LeSean McCoy, in his return from a four-game concussion absence, showed heart, grit, and those dazzling cuts that make him elite. McCoy caught nine passes for 77 yards, ran 13 times for another 45 that were accomplished without benefit of much blocking.
Brandon Graham continued to show that former defensive-line coach Jim Washburn deserved to be fired - wide-nine aside - simply for not starting Graham and playing him at least two-thirds of each game. Graham got no sacks Sunday, but he led the Eagles with six solo tackles and he surprised Robert Griffin III in the backfield, Griffin bouncing a shovel pass off the defensive end, who wasn't supposed to be between the QB and the receiver.
Griffin, wearing a brace on the left knee that caused him to miss last week's game, ignored the Eagles' corners to work the middle of the field to lethal effect, like a boxer bypassing the jaw to work the ribs. The Eagles' safeties and linebackers couldn't stop the pounding, even with Nate Allen benched, as Griffin piloted the Redskins to their sixth win in a row, putting the NFC East title within their grasp.
Colt Anderson did manage the first Eagles interception in nine games, on a ball that bounced off the intended receiver, but Griffin, often afforded excellent field position, completed 16 of 24 passes for 198 yards, two beautifully thrown touchdowns and the one pick. His passer rating was 102.4, which is plenty good, but 55.9 points under his perfect score in the previous meeting, a 31-6 Redskins victory. The knee seemed to make him more of a pocket passer than usual.
That earlier game, Foles was 21-for-46 with no touchdowns, two picks and a 40.5 rating, so you could chart the progress he has made in a month, against the first defense he has seen twice.
"I gotta eliminate mistakes," Foles said. "I fumbled and I threw an interception, and it's the quarterback's job to make sure we get more points on the board than the other team.
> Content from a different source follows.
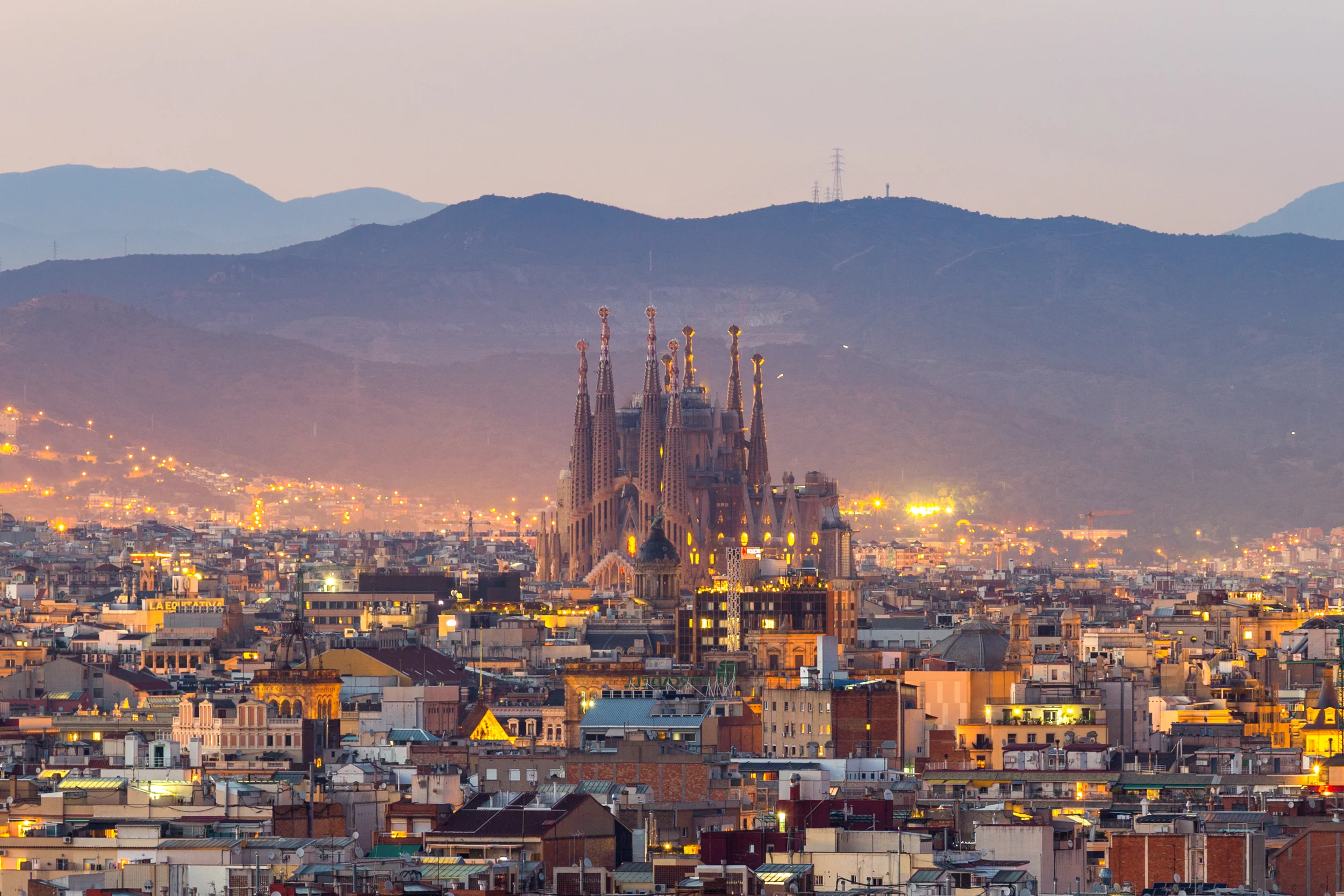 International escort: escort ladies from LEA travelling across Europe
I didn't do my job today. It's frustrating, because I'm hard on myself and I want to win . . . It's been a tough year, but we still have each other and I know we're going to keep going to work."
Reid said Foles "was better than he was the last time. We came up short, and obviously, it's not all the quarterback's fault. I thought the guys battled. I thought he did some good things."
Foles said Reid wasn't any different Sunday, amid the end-of-an-era atmosphere.
"He stays the same. He stays the path. He's a great head coach to play for," said Foles, who went through something very similar last year at the University of Arizona, when Mike Stoops was dismissed during the season. "He cares a lot about this city and he's done a lot of great things here . . . He doesn't change. He's solid. That's something I'm always going to respect about him."
Graham said: "It's a business. Coach Reid is fighting his butt off right now . . . today was just one of those days, I wish we could give it back to him, but you can't."
Could Graham have played the whole year the way he's playing now, had he been given the opportunity?
"Who knows?" he said. "I can only talk about what I'm doing now, and right now I've made sure I just stayed at it. Every week, you're going to get 100 percent from me. My teammates know that, and I know they'll do the same."
McCoy, who converted a crucial fourth down and then got out of bounds at the 5 to set up the final sequence, said the Eagles did a lot of good things, made a lot of good play calls on the final drive, as they moved from their 15 to Washington's 5.
"Another situation where we just don't capitalize," McCoy said. "That's kinda how the season went this year."